Não se sabe exatamente quando Shakespeare começou a escrever, mas registros de performances mostram que várias de suas peças foram representadas em Londres em 1592. A época, sob Elizabeth I, favorecia o desenvolvimento cultural e artístico. O teatro deste período, conhecido como elisabetano, foi de grande importância para os ingleses — da alta sociedade, claro. Na época, além de muito popular, o teatro também era também publicado, vendido e lido. Havia companhias que compravam os textos dos autores em voga e depois vendiam-nos para as tipografias. Estas tinham um grande público leitor, o qual fazia com que as obras se popularizassem rapidamente.
Certamente a carreira de Shakespeare começou em qualquer momento a partir de meados dos anos 1580. Ao chegar em Londres, há uma tradição que diz que Shakespeare não tinha amigos nem dinheiro. Não obstante a família de Anne, ele estaria arruinado. Segundo quase todos os biógrafos do século XVIII, ele foi arranjou um emprego numa companhia de teatro. Começou num serviço pequeno, e logo foi subindo de cargo, chegando a atuar. Ele dividiria suas atividades entre tomar conta dos cavalos dos espectadores do teatro, atuar no palco e auxiliar nos bastidores. Porém, segundo Rowe, Shakespeare entrou no teatro como ponto, encarregado de avisar os atores o momento de entrarem em cena.

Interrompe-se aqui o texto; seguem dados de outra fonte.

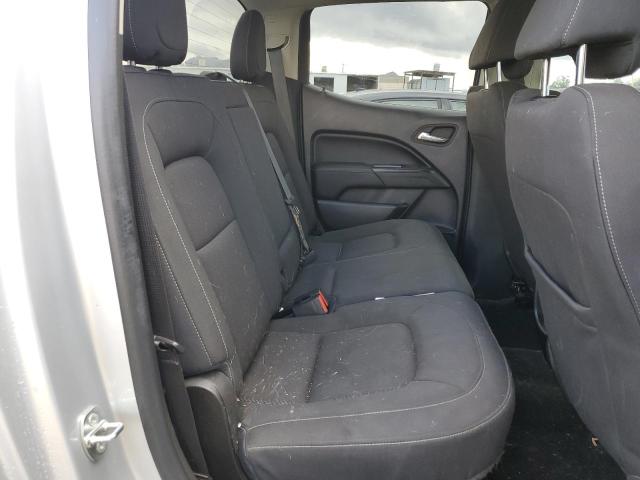 Photo 6 from auction – 2016 GMC CANYON SLE with VIN 1GTG5CE31G1321747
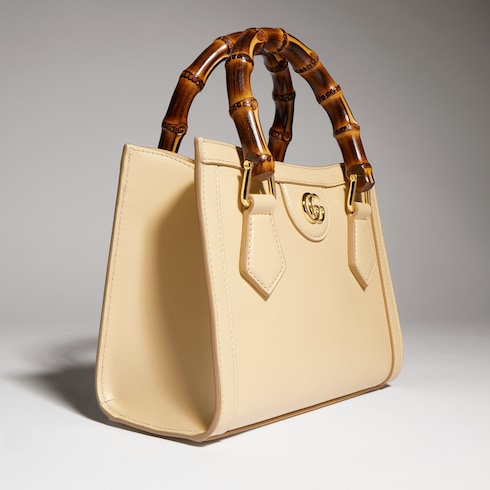 Gucci Diana small tote bag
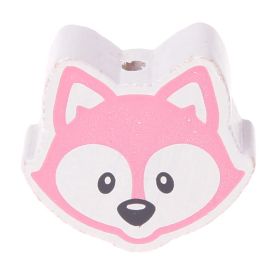 Motivperle Fuchs 'babyrosa' 226 auf Lager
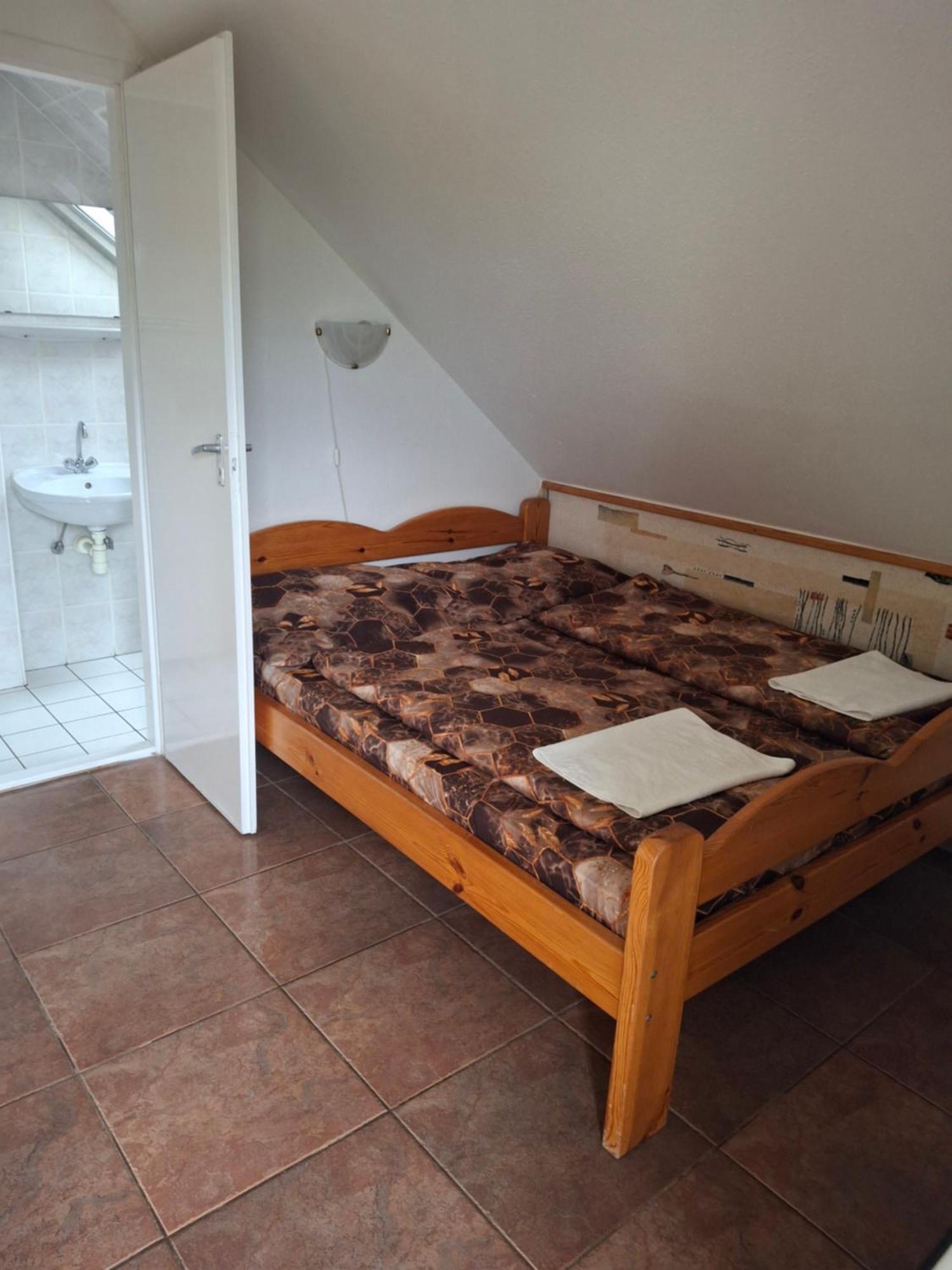 Birta Apartman Hajdúszoboszló Dış mekan fotoğraf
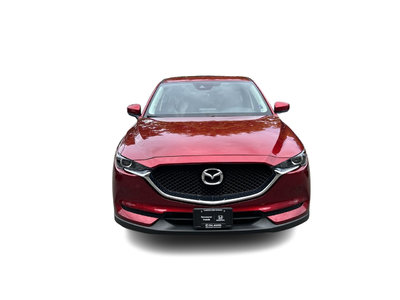 2018 Mazda CX-5 in Vancouver, British Columbia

Estátua de William Shakespeare em Leicester Gardens, Londres
Contudo, o grande Shakespeare era um mau ator e seu limitado talento o teria levado a experimentar escrever peças. Shakespeare teria voltado para Stratford algum tempo antes de sua morte; mas a aposentadoria ainda não tinha sido inventada e ele continuou a visitar Londres para ver sua filha que morava na cidade e apresentar novas peças suas a grupos teatrais.
William Shakespeare morreu em 23 de Abril de 1616, mesmo dia de seu aniversário. Há lendas a respeito. Dizem que ele, já doente, teria se embriagado com os dramaturgos e poetas Ben Jonson e Michael Drayton e seu estado se agravou.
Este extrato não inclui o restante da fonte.